Distributed deployment

更新时间:
复制 MD 格式

This topic describes how to perform a distributed deployment of ossimport. Distributed deployment is supported only on Linux systems and not on Windows systems.

Prerequisites

  • Select at least two machines for the migration cluster. Designate one machine as the Master and the others as Workers.

  • Ensure that the Master can connect to the Workers using Secure Shell (SSH).

  • Ensure that all Workers have the same username and password.

    Note

    An SSH connection is required between the Master and Workers. Alternatively, you can configure the logon information for the Workers in the sys.properties file.

Download and install ossimport

  1. Download ossimport

    Download the distributed version: ossimport-2.3.7.tar.gz.

  2. Install ossimport

    Note

    Select one machine to be the Master. Perform the following operations on the Master node.

    1. Log on to the server and run the following command to create the ossimport directory.

      mkdir -p $HOME/ossimport
    2. Go to the directory that contains the compressed package and run the following command to decompress the package to the specified directory.

      tar -zxvf ossimport-2.3.7.tar.gz -C $HOME/ossimport

      The file structure after decompression is as follows:

      ossimport
      ├── bin
      │   ├── console.jar     # JAR package for the Console module
      │   ├── master.jar      # JAR package for the Master module
      │   ├── tracker.jar     # JAR package for the Tracker module
      │   └── worker.jar      # JAR package for the Worker module
      ├── conf
      │   ├── job.cfg         # Job configuration file template
      │   ├── sys.properties  # System operational parameter configuration file
      │   └── workers         # Worker list
      ├── console.sh          # Command line interface, currently supported only on Linux
      ├── logs                # Log directory
      └── README.md           # README document, read carefully before use
      • OSS_IMPORT_HOME: The root directory of ossimport. The default is the directory from the decompression command, $HOME/ossimport. You can also set this by running export OSS_IMPORT_HOME=<dir> or by modifying the $HOME/.bashrc system configuration file. We recommend that you use the default directory.

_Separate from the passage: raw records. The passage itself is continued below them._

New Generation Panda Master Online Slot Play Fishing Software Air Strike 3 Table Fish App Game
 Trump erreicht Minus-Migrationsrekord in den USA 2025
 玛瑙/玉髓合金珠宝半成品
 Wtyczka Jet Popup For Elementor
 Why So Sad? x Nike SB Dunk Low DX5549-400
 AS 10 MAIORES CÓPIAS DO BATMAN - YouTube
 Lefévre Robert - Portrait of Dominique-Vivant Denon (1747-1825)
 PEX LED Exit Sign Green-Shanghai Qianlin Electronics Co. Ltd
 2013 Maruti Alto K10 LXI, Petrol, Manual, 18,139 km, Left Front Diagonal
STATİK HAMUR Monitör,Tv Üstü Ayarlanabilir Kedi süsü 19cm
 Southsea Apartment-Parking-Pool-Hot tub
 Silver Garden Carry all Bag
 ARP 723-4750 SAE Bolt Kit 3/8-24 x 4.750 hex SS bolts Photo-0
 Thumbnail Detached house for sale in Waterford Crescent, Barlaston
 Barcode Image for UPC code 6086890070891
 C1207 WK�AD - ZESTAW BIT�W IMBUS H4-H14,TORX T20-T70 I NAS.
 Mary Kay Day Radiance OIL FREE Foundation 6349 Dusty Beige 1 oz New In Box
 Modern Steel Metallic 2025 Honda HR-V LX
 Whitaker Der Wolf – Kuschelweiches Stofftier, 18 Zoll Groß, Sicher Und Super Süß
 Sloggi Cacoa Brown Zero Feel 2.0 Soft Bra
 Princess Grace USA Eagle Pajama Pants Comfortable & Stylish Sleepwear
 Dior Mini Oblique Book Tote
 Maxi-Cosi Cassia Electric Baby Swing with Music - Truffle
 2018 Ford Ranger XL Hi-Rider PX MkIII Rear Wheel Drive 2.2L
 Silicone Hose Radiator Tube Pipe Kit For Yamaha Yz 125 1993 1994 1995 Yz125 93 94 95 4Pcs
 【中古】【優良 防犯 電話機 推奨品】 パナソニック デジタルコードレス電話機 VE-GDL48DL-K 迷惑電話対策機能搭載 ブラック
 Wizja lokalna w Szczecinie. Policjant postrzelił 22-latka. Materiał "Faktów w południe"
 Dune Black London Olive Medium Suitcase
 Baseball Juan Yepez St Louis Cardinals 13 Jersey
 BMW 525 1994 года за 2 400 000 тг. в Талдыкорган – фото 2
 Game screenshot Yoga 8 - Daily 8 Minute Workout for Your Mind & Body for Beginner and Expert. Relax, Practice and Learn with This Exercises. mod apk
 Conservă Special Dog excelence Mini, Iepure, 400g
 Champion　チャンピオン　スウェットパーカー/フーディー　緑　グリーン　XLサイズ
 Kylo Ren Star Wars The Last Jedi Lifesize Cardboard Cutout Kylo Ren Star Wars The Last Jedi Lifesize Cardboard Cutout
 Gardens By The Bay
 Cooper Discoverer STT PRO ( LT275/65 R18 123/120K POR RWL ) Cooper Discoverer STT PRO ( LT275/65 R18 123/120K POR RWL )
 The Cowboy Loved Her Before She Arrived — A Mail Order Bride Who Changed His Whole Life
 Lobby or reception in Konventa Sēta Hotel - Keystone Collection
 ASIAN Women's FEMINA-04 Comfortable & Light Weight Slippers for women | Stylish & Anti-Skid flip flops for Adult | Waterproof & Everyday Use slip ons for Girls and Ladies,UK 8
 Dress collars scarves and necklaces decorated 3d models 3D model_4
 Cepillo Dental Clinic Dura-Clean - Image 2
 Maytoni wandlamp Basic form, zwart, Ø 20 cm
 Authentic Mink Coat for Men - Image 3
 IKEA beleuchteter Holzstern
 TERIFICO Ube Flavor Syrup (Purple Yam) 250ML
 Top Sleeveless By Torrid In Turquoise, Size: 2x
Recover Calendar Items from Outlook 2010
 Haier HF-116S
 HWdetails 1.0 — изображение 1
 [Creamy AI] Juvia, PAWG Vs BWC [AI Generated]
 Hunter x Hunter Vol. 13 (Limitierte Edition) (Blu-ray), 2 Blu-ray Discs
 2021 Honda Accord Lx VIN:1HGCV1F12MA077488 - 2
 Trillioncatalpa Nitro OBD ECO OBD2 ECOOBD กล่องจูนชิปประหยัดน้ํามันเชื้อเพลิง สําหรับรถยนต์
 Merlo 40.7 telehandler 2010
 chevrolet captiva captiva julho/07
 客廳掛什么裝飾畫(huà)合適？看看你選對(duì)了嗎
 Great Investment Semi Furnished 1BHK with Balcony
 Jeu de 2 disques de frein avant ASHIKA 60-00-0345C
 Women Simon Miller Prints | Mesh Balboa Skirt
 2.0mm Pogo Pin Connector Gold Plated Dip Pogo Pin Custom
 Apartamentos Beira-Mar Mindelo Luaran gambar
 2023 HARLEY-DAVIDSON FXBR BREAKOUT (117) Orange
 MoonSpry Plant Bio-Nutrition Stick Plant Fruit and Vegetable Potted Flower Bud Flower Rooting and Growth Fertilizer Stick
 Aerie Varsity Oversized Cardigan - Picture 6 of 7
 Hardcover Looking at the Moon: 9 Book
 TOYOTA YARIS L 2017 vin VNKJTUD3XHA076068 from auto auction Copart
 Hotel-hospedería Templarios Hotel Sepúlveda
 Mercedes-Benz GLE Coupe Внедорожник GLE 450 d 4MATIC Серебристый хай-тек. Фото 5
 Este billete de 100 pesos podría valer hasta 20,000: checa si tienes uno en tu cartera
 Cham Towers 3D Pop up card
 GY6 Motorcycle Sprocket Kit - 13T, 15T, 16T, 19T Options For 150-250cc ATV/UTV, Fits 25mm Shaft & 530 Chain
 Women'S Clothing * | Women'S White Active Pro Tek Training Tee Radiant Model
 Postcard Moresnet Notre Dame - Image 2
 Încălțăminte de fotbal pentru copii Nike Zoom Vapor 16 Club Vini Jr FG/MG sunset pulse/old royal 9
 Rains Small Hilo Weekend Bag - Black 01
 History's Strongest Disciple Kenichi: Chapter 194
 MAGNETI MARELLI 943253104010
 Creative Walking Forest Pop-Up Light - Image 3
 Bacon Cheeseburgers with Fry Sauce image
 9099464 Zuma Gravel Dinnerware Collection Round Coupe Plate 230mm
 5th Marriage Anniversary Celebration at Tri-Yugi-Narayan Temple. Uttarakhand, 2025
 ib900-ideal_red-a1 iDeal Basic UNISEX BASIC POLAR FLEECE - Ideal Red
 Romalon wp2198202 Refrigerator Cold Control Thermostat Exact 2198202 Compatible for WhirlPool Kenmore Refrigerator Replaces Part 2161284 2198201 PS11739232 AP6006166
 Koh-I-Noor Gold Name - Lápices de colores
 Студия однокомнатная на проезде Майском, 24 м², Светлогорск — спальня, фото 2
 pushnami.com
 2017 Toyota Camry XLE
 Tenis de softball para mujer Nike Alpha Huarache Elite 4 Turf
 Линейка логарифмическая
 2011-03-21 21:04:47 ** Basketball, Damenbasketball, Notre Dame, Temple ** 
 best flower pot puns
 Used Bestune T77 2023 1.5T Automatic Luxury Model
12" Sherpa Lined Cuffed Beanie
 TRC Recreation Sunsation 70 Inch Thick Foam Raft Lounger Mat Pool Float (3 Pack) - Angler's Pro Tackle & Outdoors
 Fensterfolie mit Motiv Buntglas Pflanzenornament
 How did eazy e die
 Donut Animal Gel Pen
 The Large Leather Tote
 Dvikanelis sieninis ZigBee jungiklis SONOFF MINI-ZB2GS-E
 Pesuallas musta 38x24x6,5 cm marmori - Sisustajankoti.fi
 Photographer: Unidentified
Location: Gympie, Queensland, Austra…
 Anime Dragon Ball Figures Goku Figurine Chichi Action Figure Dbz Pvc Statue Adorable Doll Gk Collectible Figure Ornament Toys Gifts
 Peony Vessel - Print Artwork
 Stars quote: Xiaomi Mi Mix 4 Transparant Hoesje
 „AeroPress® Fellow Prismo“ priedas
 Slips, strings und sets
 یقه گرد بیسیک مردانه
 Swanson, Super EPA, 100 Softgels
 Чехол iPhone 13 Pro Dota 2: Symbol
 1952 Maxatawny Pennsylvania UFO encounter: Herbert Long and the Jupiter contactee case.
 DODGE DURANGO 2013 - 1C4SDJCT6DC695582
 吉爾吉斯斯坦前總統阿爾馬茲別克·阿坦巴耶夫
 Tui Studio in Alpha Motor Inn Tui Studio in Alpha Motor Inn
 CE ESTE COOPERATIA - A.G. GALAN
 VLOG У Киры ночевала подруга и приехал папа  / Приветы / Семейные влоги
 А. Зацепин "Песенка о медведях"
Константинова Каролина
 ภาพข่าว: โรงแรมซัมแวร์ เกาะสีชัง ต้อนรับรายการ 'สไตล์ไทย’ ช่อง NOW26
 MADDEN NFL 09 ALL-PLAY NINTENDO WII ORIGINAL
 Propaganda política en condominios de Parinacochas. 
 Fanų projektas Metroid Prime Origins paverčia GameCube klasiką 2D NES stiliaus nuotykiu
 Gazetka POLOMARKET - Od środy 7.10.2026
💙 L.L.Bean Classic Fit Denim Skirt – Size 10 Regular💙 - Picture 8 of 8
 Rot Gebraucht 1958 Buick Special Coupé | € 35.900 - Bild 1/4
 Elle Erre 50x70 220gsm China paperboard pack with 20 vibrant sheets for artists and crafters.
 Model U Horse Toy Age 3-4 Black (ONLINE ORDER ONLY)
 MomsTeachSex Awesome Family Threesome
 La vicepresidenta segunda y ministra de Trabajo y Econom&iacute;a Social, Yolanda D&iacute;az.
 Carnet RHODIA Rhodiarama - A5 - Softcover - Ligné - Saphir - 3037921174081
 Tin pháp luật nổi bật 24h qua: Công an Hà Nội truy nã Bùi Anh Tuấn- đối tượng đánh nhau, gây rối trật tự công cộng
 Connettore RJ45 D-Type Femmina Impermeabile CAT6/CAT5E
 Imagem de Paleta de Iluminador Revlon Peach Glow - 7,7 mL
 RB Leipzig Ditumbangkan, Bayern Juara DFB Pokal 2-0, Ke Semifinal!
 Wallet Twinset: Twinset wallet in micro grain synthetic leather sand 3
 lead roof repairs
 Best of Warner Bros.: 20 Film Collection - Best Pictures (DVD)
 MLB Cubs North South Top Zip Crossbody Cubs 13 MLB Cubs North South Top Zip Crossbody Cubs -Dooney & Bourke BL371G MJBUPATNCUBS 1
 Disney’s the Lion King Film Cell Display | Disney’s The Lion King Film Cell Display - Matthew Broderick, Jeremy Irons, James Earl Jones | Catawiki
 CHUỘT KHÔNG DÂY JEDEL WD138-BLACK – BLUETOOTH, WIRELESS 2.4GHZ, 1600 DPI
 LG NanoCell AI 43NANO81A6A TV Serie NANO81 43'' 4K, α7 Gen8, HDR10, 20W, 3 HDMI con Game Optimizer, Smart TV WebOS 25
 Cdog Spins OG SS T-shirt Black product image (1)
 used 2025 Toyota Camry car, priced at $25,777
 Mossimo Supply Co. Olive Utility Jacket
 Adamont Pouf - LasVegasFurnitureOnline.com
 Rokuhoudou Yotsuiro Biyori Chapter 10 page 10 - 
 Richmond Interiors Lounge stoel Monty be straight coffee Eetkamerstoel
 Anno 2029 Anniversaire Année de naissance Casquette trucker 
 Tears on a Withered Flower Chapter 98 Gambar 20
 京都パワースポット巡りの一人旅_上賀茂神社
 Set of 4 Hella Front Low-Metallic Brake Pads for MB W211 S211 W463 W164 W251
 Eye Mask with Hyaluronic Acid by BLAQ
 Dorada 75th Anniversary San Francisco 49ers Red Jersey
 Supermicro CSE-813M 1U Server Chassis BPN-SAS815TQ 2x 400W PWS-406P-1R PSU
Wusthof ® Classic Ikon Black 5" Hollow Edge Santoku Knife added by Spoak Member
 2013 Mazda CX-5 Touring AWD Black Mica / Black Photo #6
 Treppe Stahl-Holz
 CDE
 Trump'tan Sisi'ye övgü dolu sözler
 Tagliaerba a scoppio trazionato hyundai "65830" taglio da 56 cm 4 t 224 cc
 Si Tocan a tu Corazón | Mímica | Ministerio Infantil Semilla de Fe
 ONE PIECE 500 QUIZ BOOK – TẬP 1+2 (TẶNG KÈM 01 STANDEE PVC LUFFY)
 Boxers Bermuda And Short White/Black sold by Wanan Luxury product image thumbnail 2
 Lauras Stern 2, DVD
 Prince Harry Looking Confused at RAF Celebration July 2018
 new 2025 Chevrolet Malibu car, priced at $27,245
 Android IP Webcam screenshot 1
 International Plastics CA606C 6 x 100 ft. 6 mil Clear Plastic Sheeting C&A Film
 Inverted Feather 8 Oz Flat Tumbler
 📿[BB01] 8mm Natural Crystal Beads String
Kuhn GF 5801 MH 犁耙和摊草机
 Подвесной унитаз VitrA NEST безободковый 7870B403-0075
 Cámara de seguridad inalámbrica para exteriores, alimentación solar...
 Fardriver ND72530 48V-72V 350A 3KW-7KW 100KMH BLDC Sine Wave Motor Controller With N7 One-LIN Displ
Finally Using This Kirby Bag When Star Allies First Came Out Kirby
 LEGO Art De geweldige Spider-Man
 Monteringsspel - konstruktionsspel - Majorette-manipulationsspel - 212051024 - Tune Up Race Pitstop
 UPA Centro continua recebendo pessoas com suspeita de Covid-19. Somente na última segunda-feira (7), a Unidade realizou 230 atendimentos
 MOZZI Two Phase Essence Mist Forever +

      • OSS_IMPORT_WORK_DIR: The working directory of ossimport. This is specified by the workingDir configuration item in conf/sys.properties. The recommended directory is $HOME/ossimport/workdir.

      • Use absolute paths for OSS_IMPORT_HOME and OSS_IMPORT_WORK_DIR, such as `/home/<user>/ossimport` or `/home/<user>/ossimport/workdir`.

Configuration

A distributed deployment has three configuration files: conf/sys.properties, conf/job.cfg, and conf/workers.

  • conf/job.cfg: The configuration file template for jobs in distributed mode. Before you start the data migration, modify the parameters as needed.

  • conf/sys.properties: The system operational parameter configuration file. You can configure parameters, such as the working directory and Worker operational parameters, in this file.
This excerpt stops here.